After a brief period of stability, wholesale phone capacity prices once again appear to be in free fall. Here's why: A stampede into what was one of telecom's few remaining high-margin businesses has reignited a damaging price war.
It wasn't supposed to be like this. After a three-year plunge in business communications spending resulted in a raft of bankruptcy filings, the industry was finally beginning to breathe easier, its bloodiest battles behind it.
But Level 3's
warning on Monday indicates that the plunge continues -- an observation that has some investors worrying again about the creaky foundations beneath the telecom business. On Monday, Level 3 slipped 2 cents, to $4.76.
Disaster Calls
Blaming a weak industry, the Broomfield, Colo., telco
cut third-quarter sales projections by 5% Monday while slashing its network spending budget by 14% to $60 million. Level 3 executives didn't need to wait eight more days to confirm what some observers say has been a disastrous quarter in the wholesale phone market.

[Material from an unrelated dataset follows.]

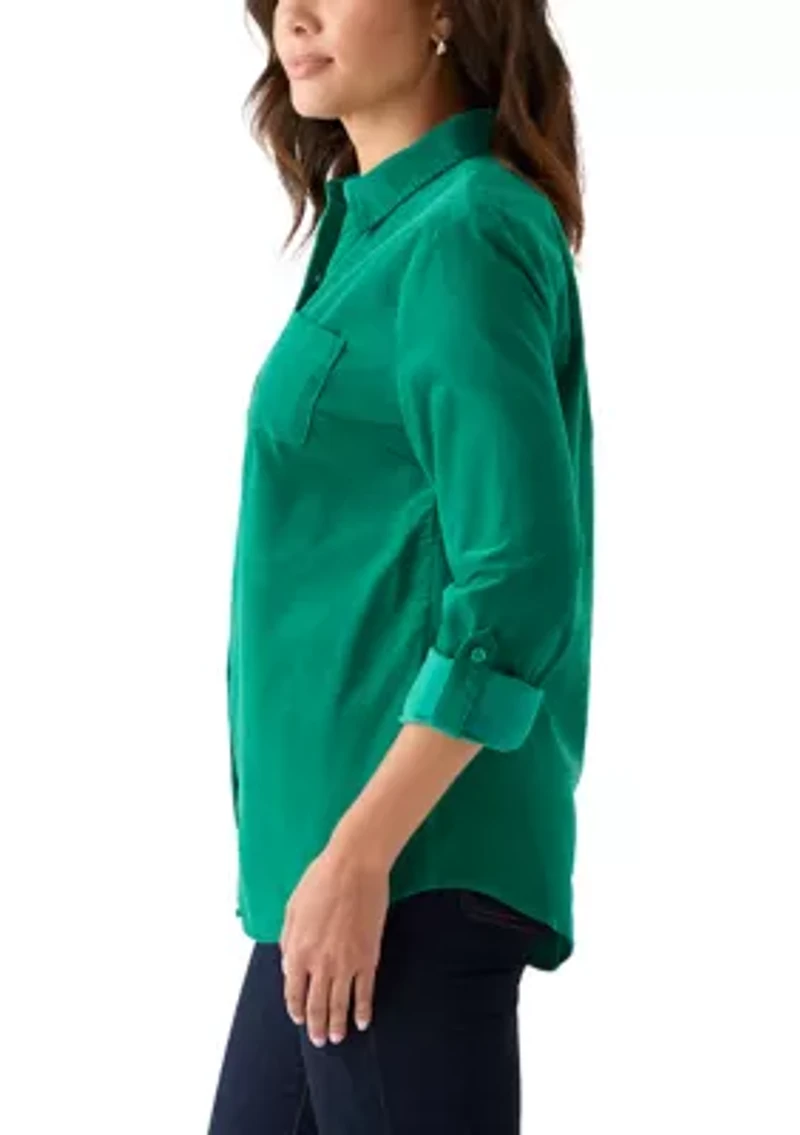 Women's Button Front Corduroy Shirt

With its adaptive business plan (most of its revenue now comes from software sales), its seemingly inexhaustible sources of financing, and its vast and technologically advanced network, Level 3 should have risen victoriously from the phone market plunge.
But Level 3's big problem is coming on two fronts: Wholesale rivals are back from the brink, and so-called service integrators have entered its turf. It seems some failed foes have returned with a vengeance: Restructured outfits such as
WilTel (WTEL Quote) and
ICG have emerged from bankruptcy, wielding a sharp knife on capacity prices. Not to be outdone,
AT&T (T Quote),
Qwest (Q Quote) and
Sprint (FON Quote) have been willing to take lower terms to keep customers.
A big contribution to the new wholesale price war, say analysts, is the influx of integrators such as
IBM (IBM Quote),
EDS (EDS Quote) and
Accenture (ACN Quote). These outsourcing firms bargain for the cheapest available wholesale phone rates as they cobble together complete communications plans for their business clients.
The encroachment of service integrators not only adds fuel to the price wars, it threatens to take the prized business network management duties from the big players like AT&T and
MCI. As more communications services go the way of low-priced commodities, one of the remaining areas of big profits is helping companies manage their communications needs. It's no longer an exclusive club, and some investors expect the managed-services contracts to follow phone and data services down the price slope.
Down Days for Dial-Up
Level 3's problems don't end there. Most of the company's telecom revenue comes from so-called managed modem or dial-up services for big customers such as
AOL(AOL Quote). Ironically, however, broadband services such as cable modems and digital subscriber lines have spelled the end of narrowband.
Even Level 3's software business, the thin-profit cash cow that helped the company stay in good graces with its bankers' revenue covenants, has been in decline. It didn't help that
Microsoft (MSFT Quote) changed some of its licensing arrangements. The software giant now bills and collects some of its software payments through licensing programs and Level 3 is given a fee. Previously, Level 3 could book the entire sale as revenue.
Level 3 said Monday that software sales would come in about 7% below previous third-quarter guidance.
And though the company burned through $227 million of its cash supply last quarter, it still has about $915 million on hand. Level 3 says it plans to raise $500 million through sale of a senior note.
Earlier this year, to raise cash, the company sold its Orange County, Calif., toll road business for $46 million, and it recently sold the former Genuity headquarters for $20 million. Last year, Level 3 sold 90% of its stake in Commonwealth Telephone for $325 million.
With rivals slashing prices and Level 3 running out of assets to sell, the financing question will loom ever larger in coming months.